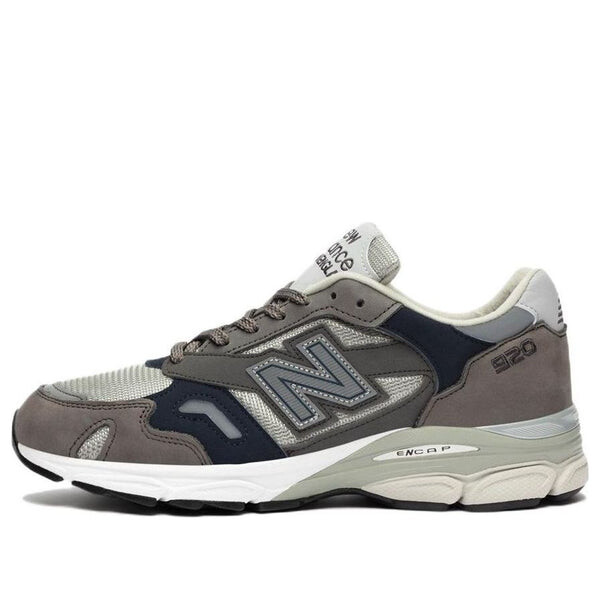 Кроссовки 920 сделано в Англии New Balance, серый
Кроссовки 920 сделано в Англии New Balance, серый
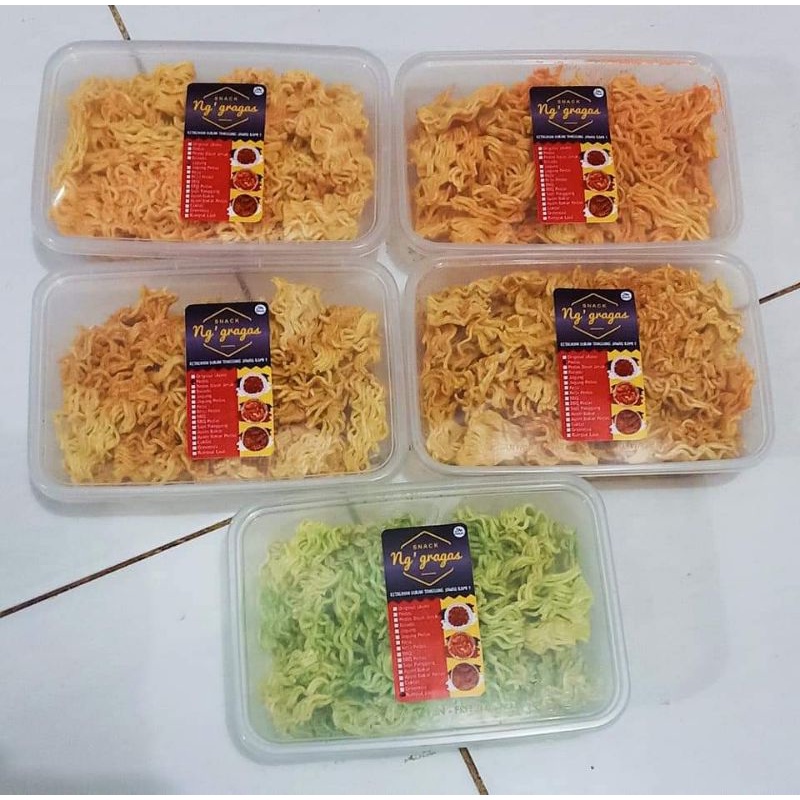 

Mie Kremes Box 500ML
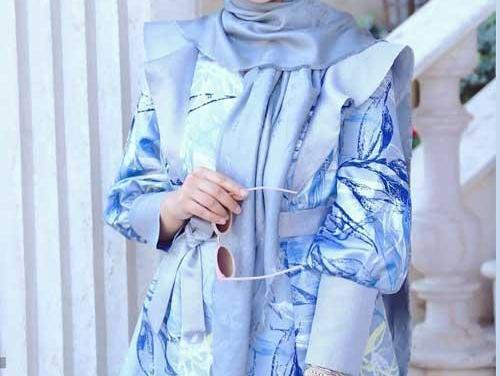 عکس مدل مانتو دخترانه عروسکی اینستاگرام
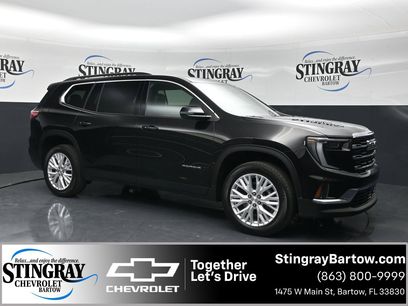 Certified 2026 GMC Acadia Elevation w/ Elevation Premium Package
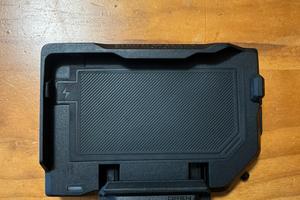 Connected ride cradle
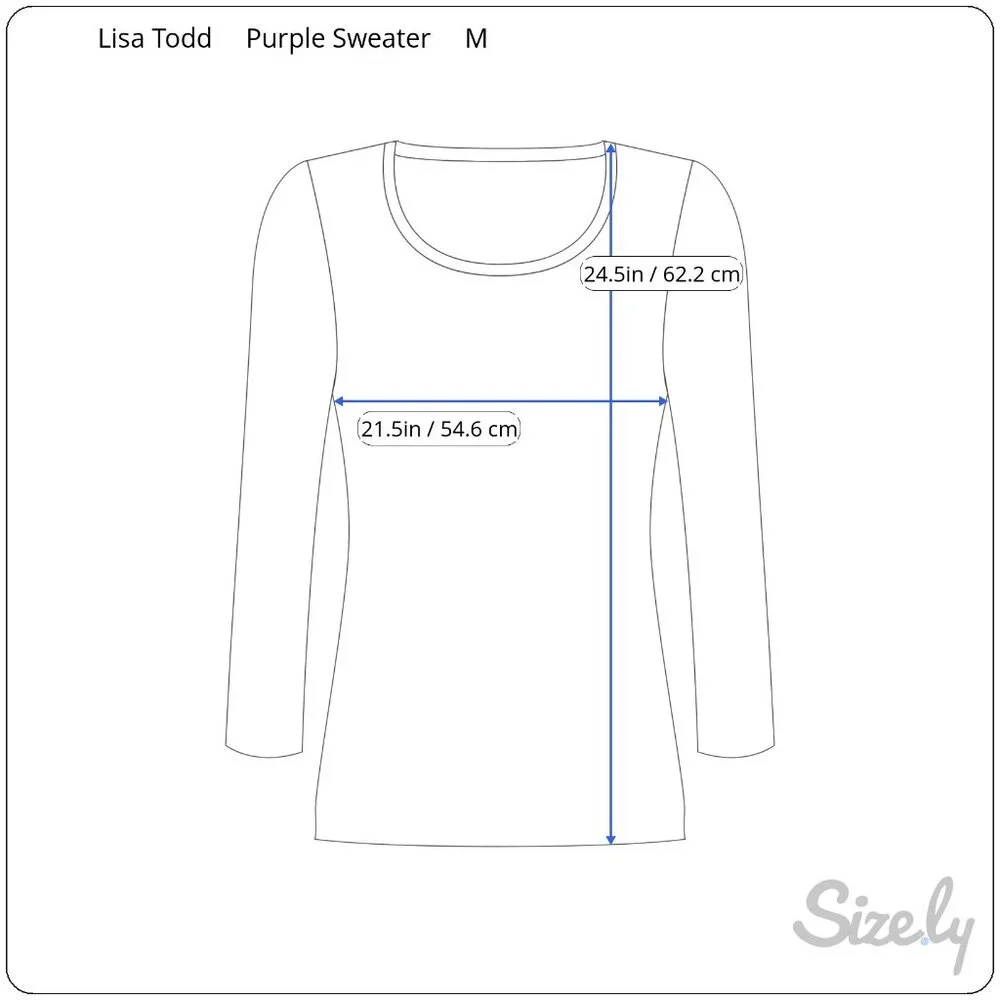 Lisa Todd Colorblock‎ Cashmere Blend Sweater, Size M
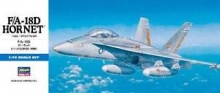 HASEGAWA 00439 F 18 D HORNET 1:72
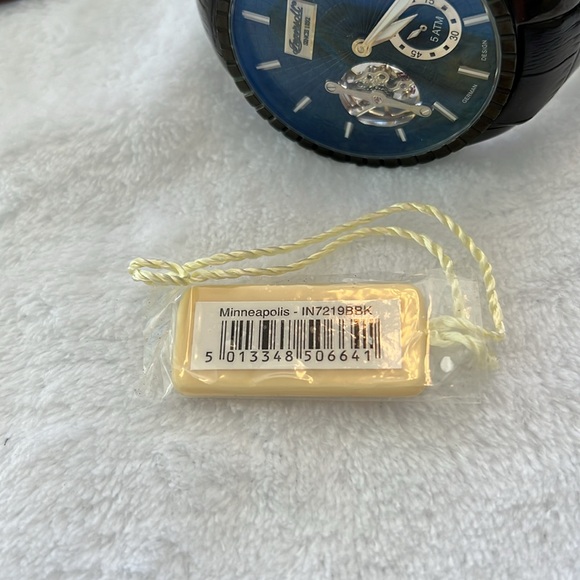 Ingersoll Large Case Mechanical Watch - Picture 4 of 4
---
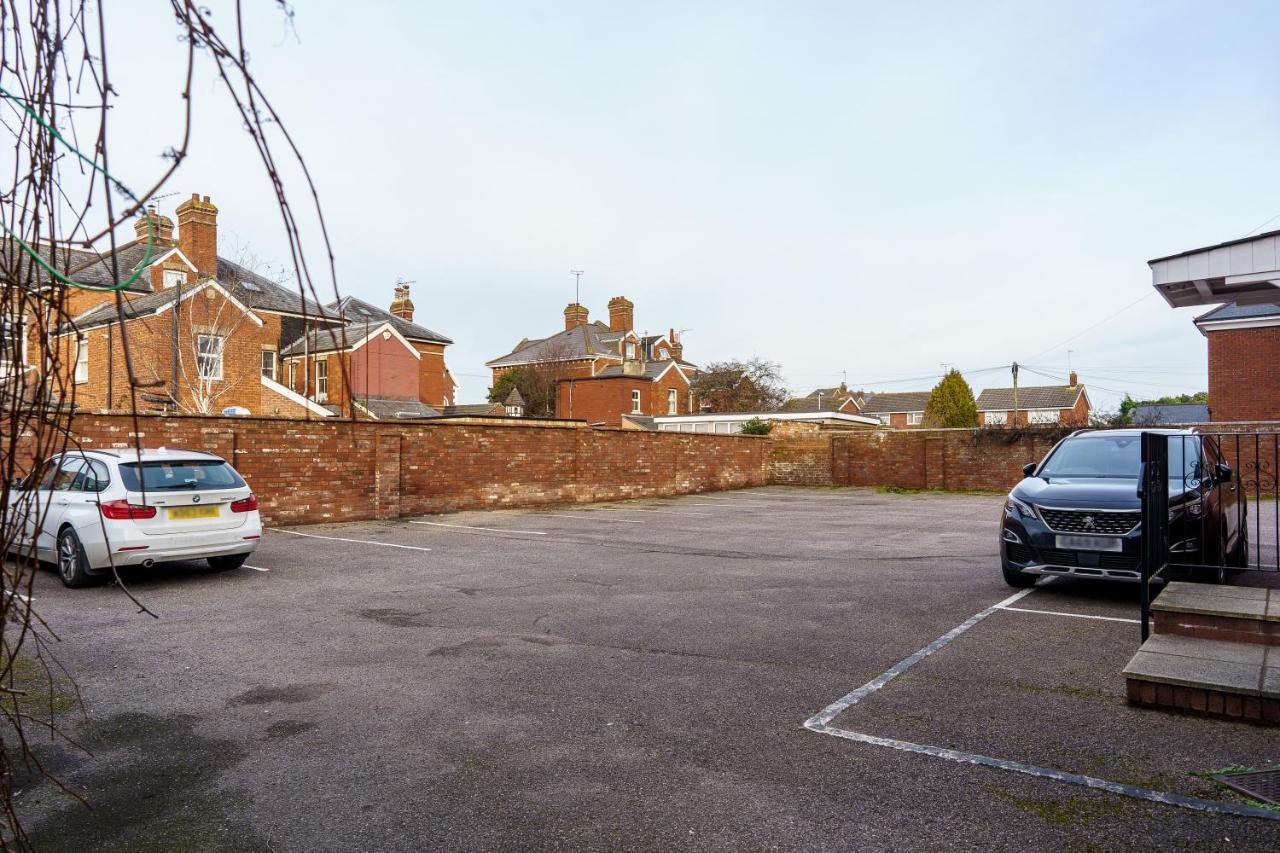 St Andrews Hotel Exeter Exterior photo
--
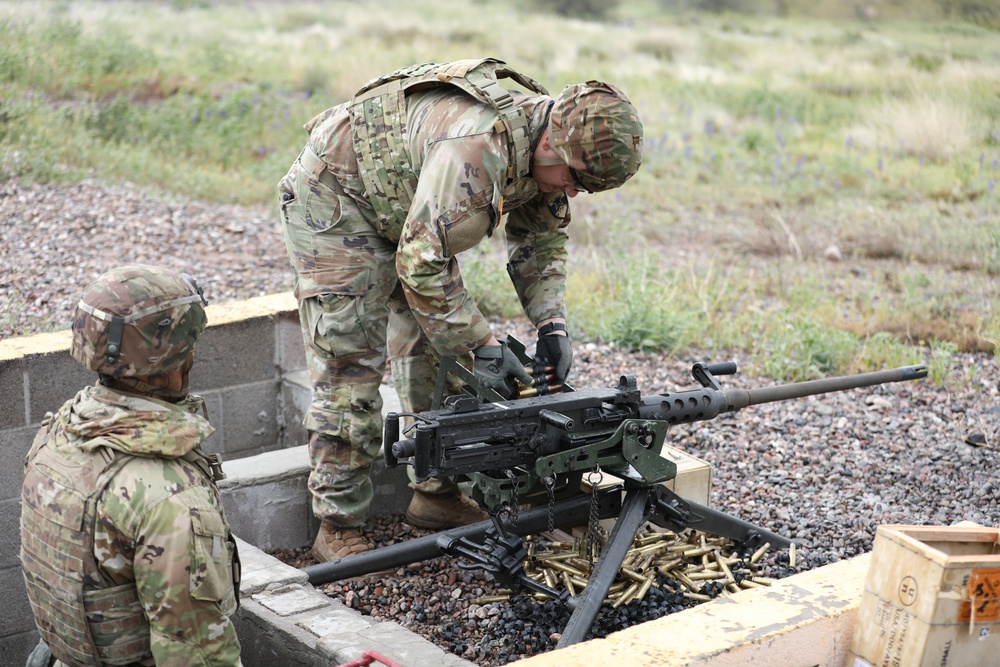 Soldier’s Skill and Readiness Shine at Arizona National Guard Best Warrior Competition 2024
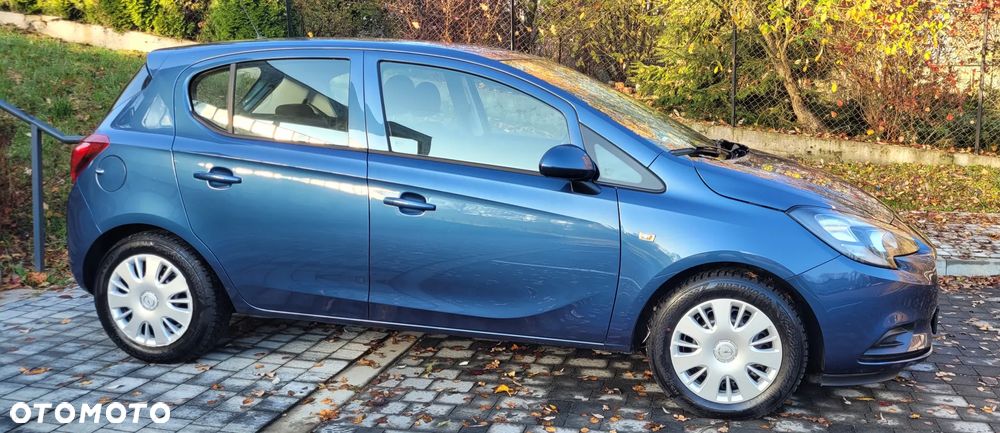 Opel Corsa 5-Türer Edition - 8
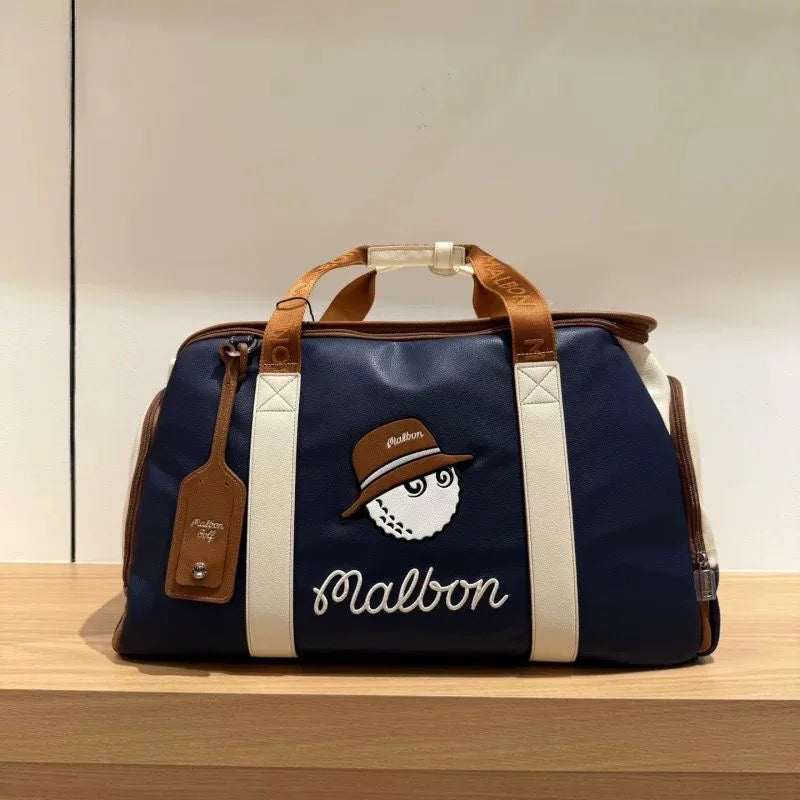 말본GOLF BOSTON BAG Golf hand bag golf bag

DIRECTIONS:
Starting from the line with "Soldier’s Skill and" in the records above, repeat each line exactly until you have written the line with "말본GOLF BOSTON BAG Golf hand bag golf bag", then stop; drop the pictures.

EXERCISE OUTPUT:
 Soldier’s Skill and Readiness Shine at Arizona National Guard Best Warrior Competition 2024
 Opel Corsa 5-Türer Edition - 8
 말본GOLF BOSTON BAG Golf hand bag golf bag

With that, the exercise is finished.